Entramos na casa finalmente, e eu não me controlei em olhar ao redor. Havia móveis derrubados na correria que deveria ter sido durante a batalha, com sangue ainda espalhado no piso e nas paredes. Seguimos em silêncio, passando pelo grande salão principal com móveis bem feitos, com um lustre que brilhava.

—Eu não estava pronta. — Ela falou depois de muito tempo, quando virávamos para a esquerda, onde havia uma escadaria que levava ao segundo andar, que começamos a subir. — E eu não tinha motivos para lutar.

—Nem mesmo para possuir um lugar desses? — Sinalizo a casa, mas ela balança os ombros.

—Vivíamos num castelo. Depois passamos por várias casas grandes.

—Mas essa é uma casa especial. Pertenceu a família principal, aos Vondelür.

—E onde eles estão agora?

—Mortos. Então provavelmente nós assumiremos esse posto e elegeremos uma família secundária.

—Para que serve essa hierarquia de famílias? Não cria mais conflitos?

—Não. Nos respeitávamos acima de tudo.

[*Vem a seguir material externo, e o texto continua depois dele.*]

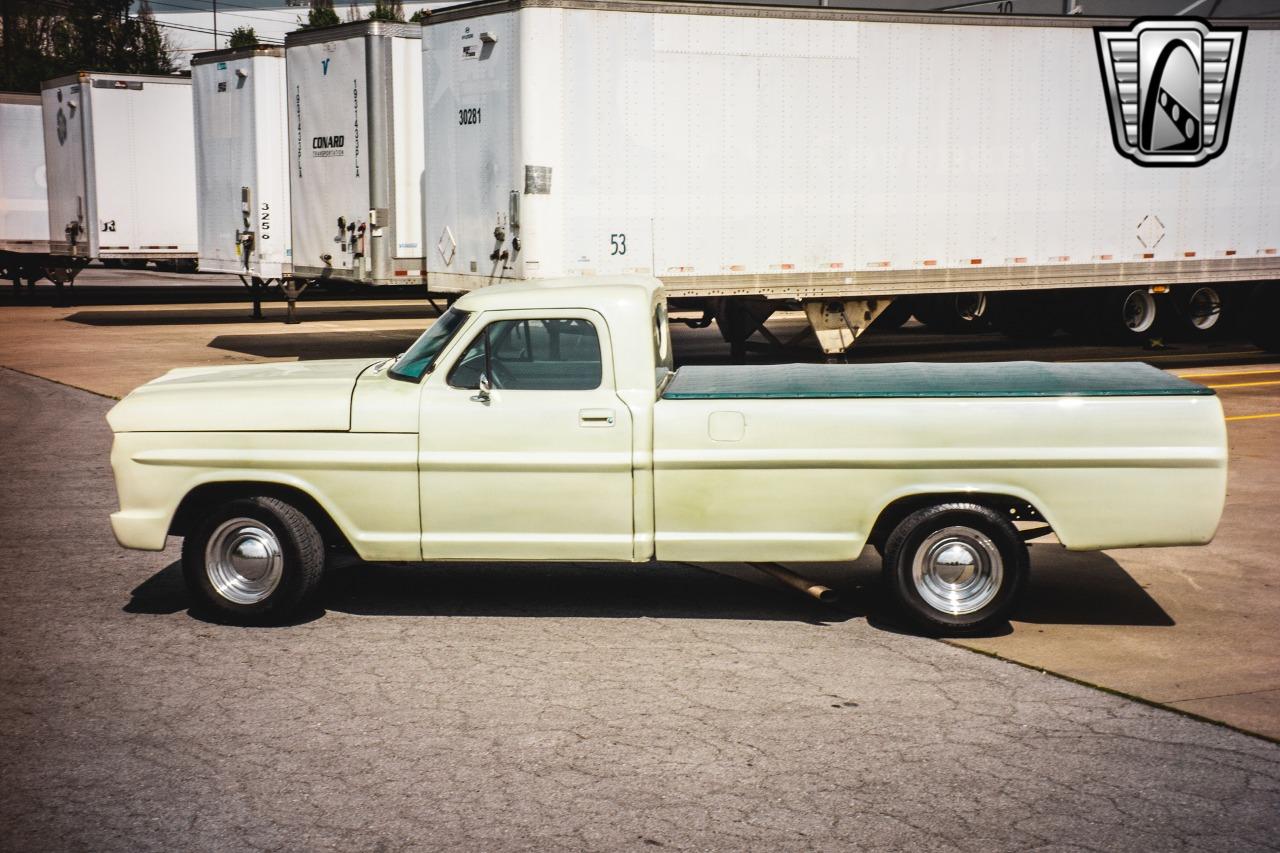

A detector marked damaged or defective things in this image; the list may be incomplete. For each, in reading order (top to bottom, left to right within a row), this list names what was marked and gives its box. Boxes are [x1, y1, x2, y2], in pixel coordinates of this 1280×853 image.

cracked asphalt [2, 366, 1280, 850]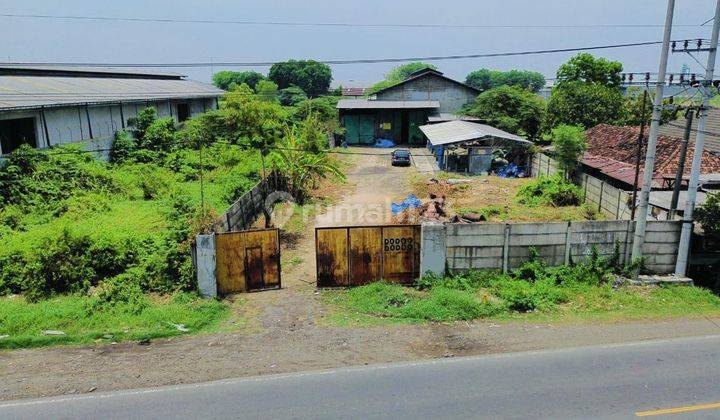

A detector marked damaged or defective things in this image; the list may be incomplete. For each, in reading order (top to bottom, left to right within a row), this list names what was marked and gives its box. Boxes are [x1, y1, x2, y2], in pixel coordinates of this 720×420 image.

rusty metal gate [215, 228, 280, 294]
rusty gate panel [215, 228, 280, 294]
rusty gate panel [316, 228, 348, 288]
rusty metal gate [316, 225, 422, 288]
rusty gate panel [316, 225, 422, 288]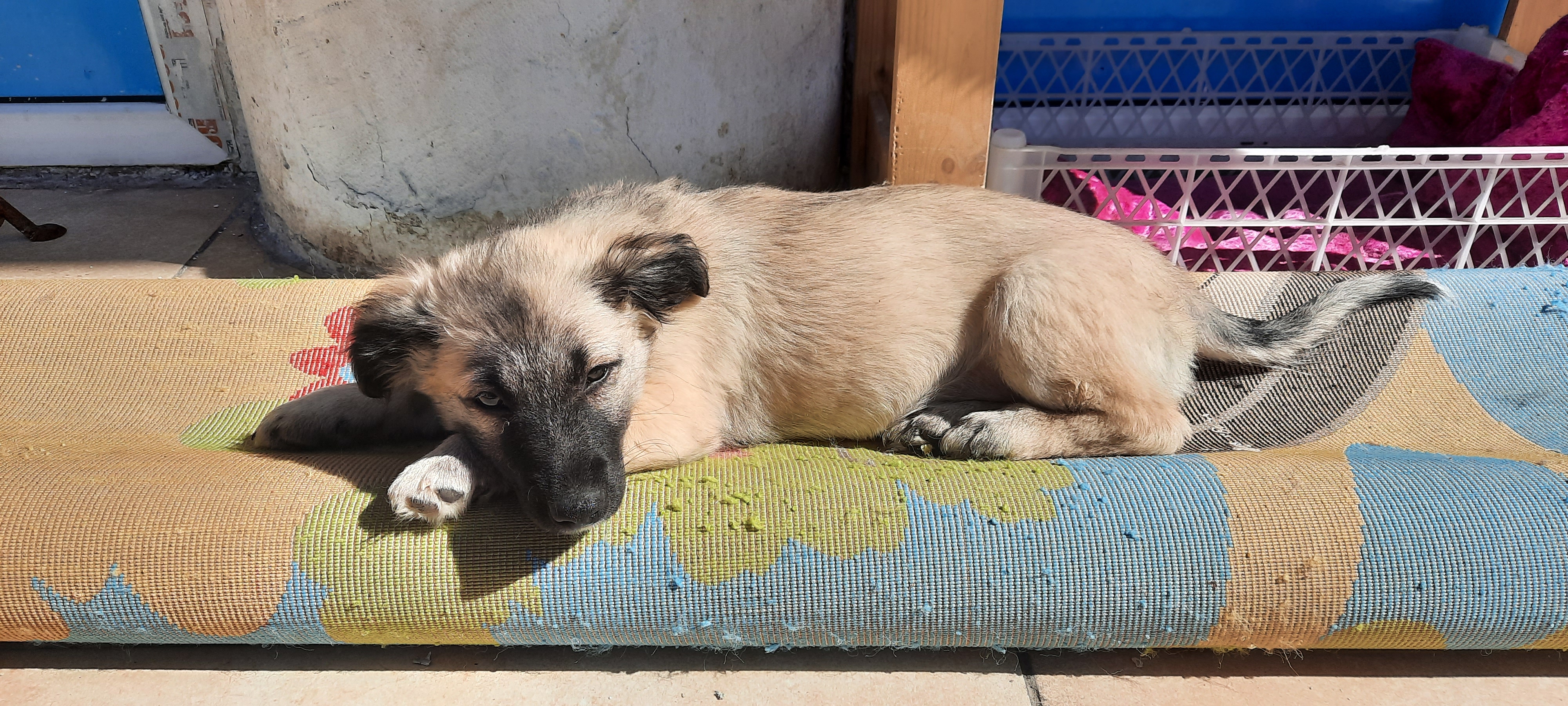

Ao menos, nunca soube de conflitos com essa motivação. — Faço uma pausa quando finalmente chegamos ao andar superior, onde havia várias portas escancaradas, quase que como um convite para explorarmos dentro, mas eu sabia que tudo tinha sido explorado em busca de riquezas escondidas. — A hierarquia servia para manter a população organizada. Para não haver guerras entre nós. A família principal dependia da segunda para manter sua influência e a paz, mas acima de tudo, para se manter. Não há primeiro lugar sem um segundo.

—Então viveríamos numa monarquia, como os cristãos. — Raciocinou, e eu movo a cabeça para concordar.

—Por que acha que não estava pronta?

—Acho que ainda tenho muito o que aprender. Eu vi a experiência dos meus tios durante a batalha, e soube que eu não estou à altura.

—Ainda. Mas é só questão de tempo. Eu manterei minha palavra. — Olho para ela, falando com firmeza.